In der Vergangenheit wurden nach Amokläufen und erschütternden Taten psychisch kranker Einzeltäter Videospiele und/oder Filme als Übeltäter ausgemacht, die die Jugend verrohen ließen, falsche Werte vermitteln oder gar zum Töten animieren würden. Dabei schießen sich Medien gerne auf First-Person-Shooter ein, bei denen das Ziel tatsächlich darin liegt, seinem Gegenüber mittels einer Schusswaffe den Garaus zu machen.

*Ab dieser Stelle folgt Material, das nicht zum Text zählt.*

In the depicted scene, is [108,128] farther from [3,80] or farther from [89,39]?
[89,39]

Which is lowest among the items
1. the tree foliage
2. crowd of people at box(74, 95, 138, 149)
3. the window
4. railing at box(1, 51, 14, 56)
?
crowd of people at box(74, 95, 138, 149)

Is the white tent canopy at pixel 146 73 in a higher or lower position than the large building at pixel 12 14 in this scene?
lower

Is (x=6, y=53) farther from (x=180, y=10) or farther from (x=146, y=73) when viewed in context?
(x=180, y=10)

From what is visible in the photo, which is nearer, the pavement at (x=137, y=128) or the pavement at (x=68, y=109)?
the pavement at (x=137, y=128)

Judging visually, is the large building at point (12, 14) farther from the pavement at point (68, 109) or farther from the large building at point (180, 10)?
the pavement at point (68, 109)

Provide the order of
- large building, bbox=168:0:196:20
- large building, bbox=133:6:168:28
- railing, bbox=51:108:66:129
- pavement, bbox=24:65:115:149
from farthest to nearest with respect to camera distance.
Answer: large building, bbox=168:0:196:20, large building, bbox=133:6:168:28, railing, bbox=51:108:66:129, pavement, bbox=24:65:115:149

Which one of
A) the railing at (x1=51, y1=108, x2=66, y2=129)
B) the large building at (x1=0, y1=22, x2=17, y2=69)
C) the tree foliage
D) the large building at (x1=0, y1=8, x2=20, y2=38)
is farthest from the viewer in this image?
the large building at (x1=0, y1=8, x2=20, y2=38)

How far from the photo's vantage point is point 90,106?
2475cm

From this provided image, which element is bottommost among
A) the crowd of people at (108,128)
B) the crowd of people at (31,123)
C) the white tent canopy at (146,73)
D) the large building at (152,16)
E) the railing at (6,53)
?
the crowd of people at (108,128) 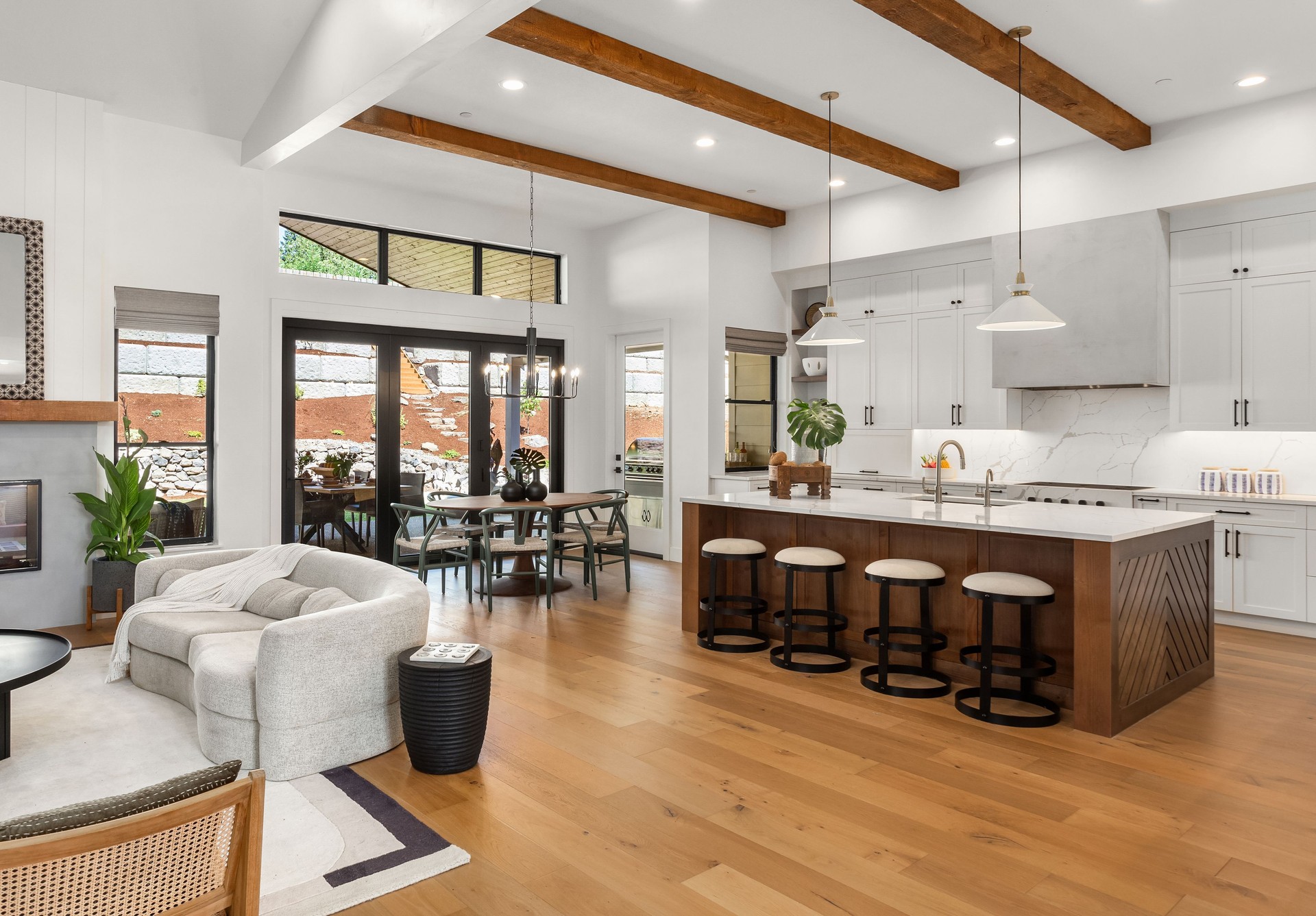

Da nun einmal aber ein komplexes Gebilde aus verschiedenen, meist traurigen oder dramatischen Umständen zu derlei Taten führt, lassen wir eine erneute Diskussion über den Zusammenhang zwischen Videospielen und (Massen-)Morden beiseite. Denn nun sollen Videospiele auch noch zum Glücksspiel verleiten.

 

Taktik-Shooter als Einstieg ins Glücksspiel?

 

Allen voran hat das Spiel Counter-Strike: Global Offensive (CS:GO), bereits als Killerspiel in Verruf, das Potential, Spieler zum Glücksspiel zu verleiten. Dabei hat das Game an sich nichts mit Glücksspiel zu tun. Seit Jahrzenten ist Counterstrike bei Gamern als extrem taktischer Shooter beliebt und auch heute noch in den Top-Platzierungen der meistgespielten PC-Spiele zu finden. Wie kann so ein Spiel zu Glücksspiel verleiten? Wie gelangt man vom Ballerspiel in die Online-Casinos?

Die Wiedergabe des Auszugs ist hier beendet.